The preceding points are complex ways of describing a development approach in which the real feature is more robust support of efficient and manageable complex application development. It is this feature that the “Oslo” modeling platform aims at: The goal of code name “Oslo” is to reduce the gap between the intention of the developer and the software components that get developed, deployed, and executed inside of complex, widely-distributed, database-driven applications. Modeling the application means moving more of the definition of an application into the world of data, where the platform (and you) can more easily make queries as to the developer’s original intent. Microsoft technologies have been moving in this direction for over a decade now; for example, things like COM type libraries, .NET metadata attributes, and XAML have all moved increasingly toward “writing things down” directly as data and away from encoding them into a lower-level form, such as x86 or IL instructions.

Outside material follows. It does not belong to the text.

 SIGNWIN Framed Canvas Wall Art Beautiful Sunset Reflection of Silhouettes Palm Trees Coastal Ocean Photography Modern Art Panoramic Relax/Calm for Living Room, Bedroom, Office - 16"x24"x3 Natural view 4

The “Oslo” modeling platform continues this progression.

In short, the “Oslo” modeling platform:

  • Makes it easier for people to write things down in ways that make sense for the problem domain they are working in—a common term for this is modeling.
  • Makes the things that people wrote down accessible to platform components during program execution.

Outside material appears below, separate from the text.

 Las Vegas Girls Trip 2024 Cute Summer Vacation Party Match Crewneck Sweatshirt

The “Oslo” modeling platform makes this possible by providing:

  • A visual design tool (Microsoft code name “Quadrant”) that enables people to design business processes with well-understood, flowchart-like graphics; developers to design applications and components that comply with the requirements of those processes; and both to move from one view back and forth to observe the effect any changes in either place have on the overall validity of the application or business process.
  • A modeling language (Microsoft code name “M”) that makes it natural to extend system-provided models (such as Windows Communication Foundation (WCF) or Windows Workflow Foundation (WF) models) or create your own models for use on the “Oslo” modeling platform.
  • A SQL Server database (the code name “Oslo” repository) that stores models as SQL Server schema objects and model instance data as rows in the tables that implement the schema. This data is available to “Quadrant” and any other tool or data-driven application that can make use of it (and that has the appropriate permissions to do so). Whether models or model instance data is created visually, using “M”, or using any SQL data access API (for example, ADO.NET, EDM, OLE-DB, and so on) creating models and storing them in the “Oslo” repository enables future applications to examine and manipulate not only data structures used by applications but – because applications are modeled – the applications themselves, as they run. If data-driven application has enough detailed model information, applications can run without recourse to static compilation.


Whether you create or modify model data visually, textually, or using a SQL data access technology, all of the modeling information is available in a relational database (the code name “Oslo” repository) at runtime. Some platform components are part of the System Provided Models, which enable you to write a service or an application by populating that database with the definition of that service or application. In addition, because that data is captured in the “Oslo” repository, it is available to all kinds of tools that specialize in structured data, whether these tools are design tools like “Quadrant” or third-party tools that can sift, search, and filter the information to make available information that is very difficult to understand using current tools.

This is the essence of the "Oslo" platform.